::: DATA TO USE :::
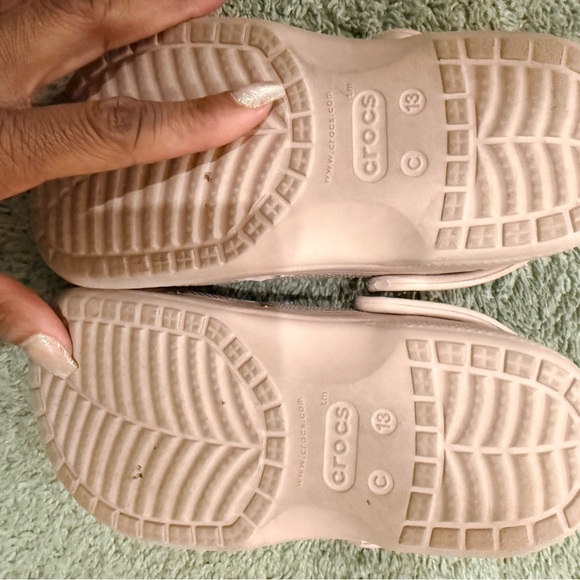 CROCS Kids' Classic Clog in Pale Pink with Flower Charm - Picture 2 of 3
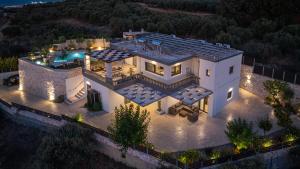 Bazén v ubytování Villa Lady Dafni with private heated pool nebo v jeho okolí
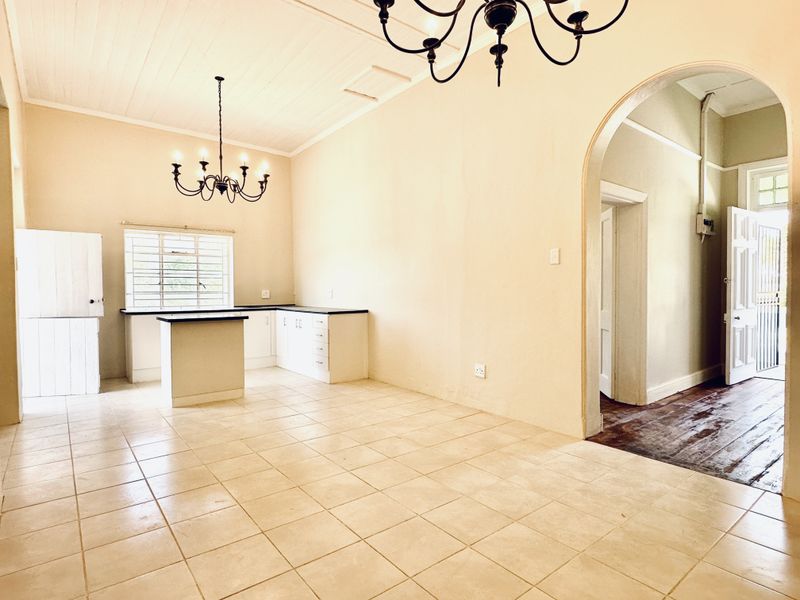 Modern Comfort Meets Classic Charm - Photo 6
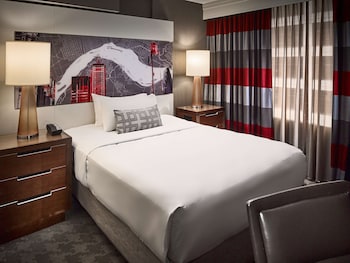 Room, 1 Queen Bed (City Explorer)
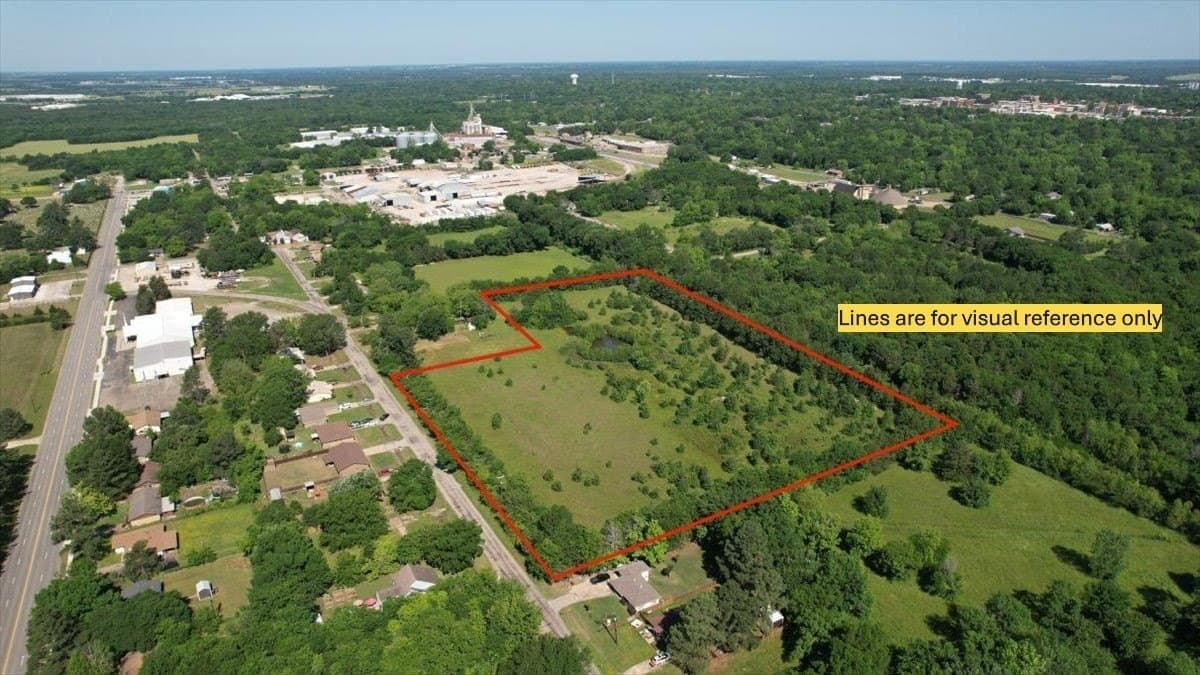 10.84 acres in Lamar County gallery image 4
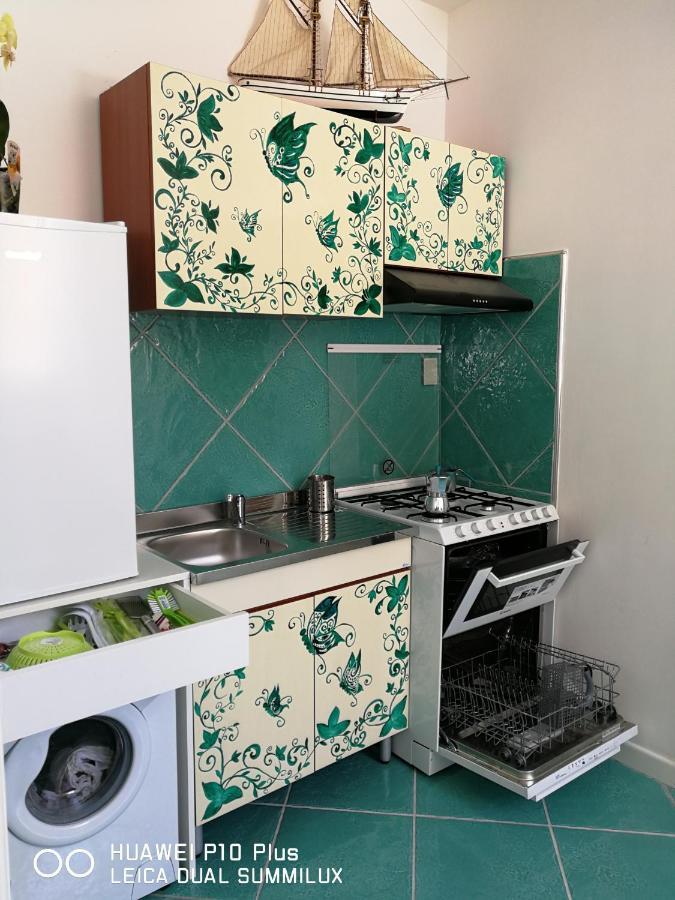 Amalfi Small Wonder Tiny Town House Exterior foto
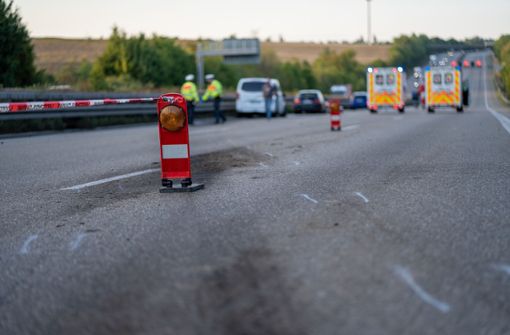 Wegen eines Unfalls wurde die A81 Richtung Heilbronn gesperrt. Foto: KS-Images.de / Patrick Rörig/Karsten Schmalz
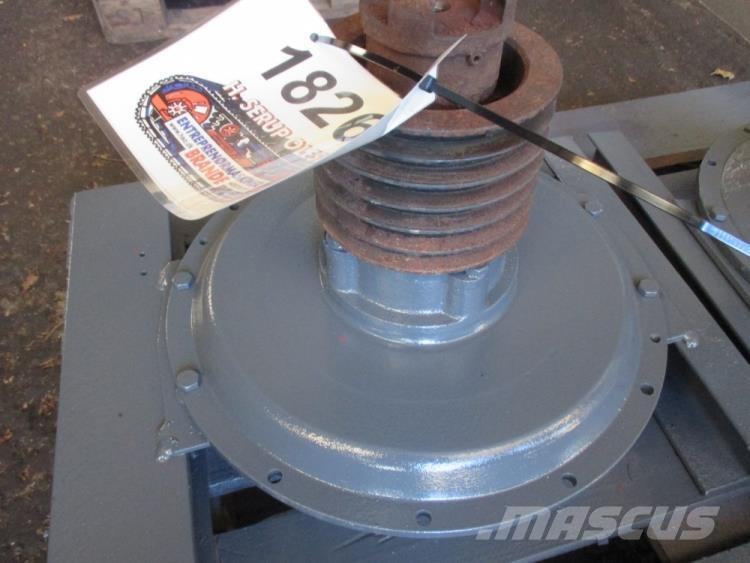  PTO flange med remskive Muut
:::
THE PROBLEM →
In the copy, include every line of the entries above exactly and none of the pictures.

YOUR RESPONSE →
 CROCS Kids' Classic Clog in Pale Pink with Flower Charm - Picture 2 of 3
 Bazén v ubytování Villa Lady Dafni with private heated pool nebo v jeho okolí
 Modern Comfort Meets Classic Charm - Photo 6
 Room, 1 Queen Bed (City Explorer)
 10.84 acres in Lamar County gallery image 4
 Amalfi Small Wonder Tiny Town House Exterior foto
 Wegen eines Unfalls wurde die A81 Richtung Heilbronn gesperrt. Foto: KS-Images.de / Patrick Rörig/Karsten Schmalz
  PTO flange med remskive Muut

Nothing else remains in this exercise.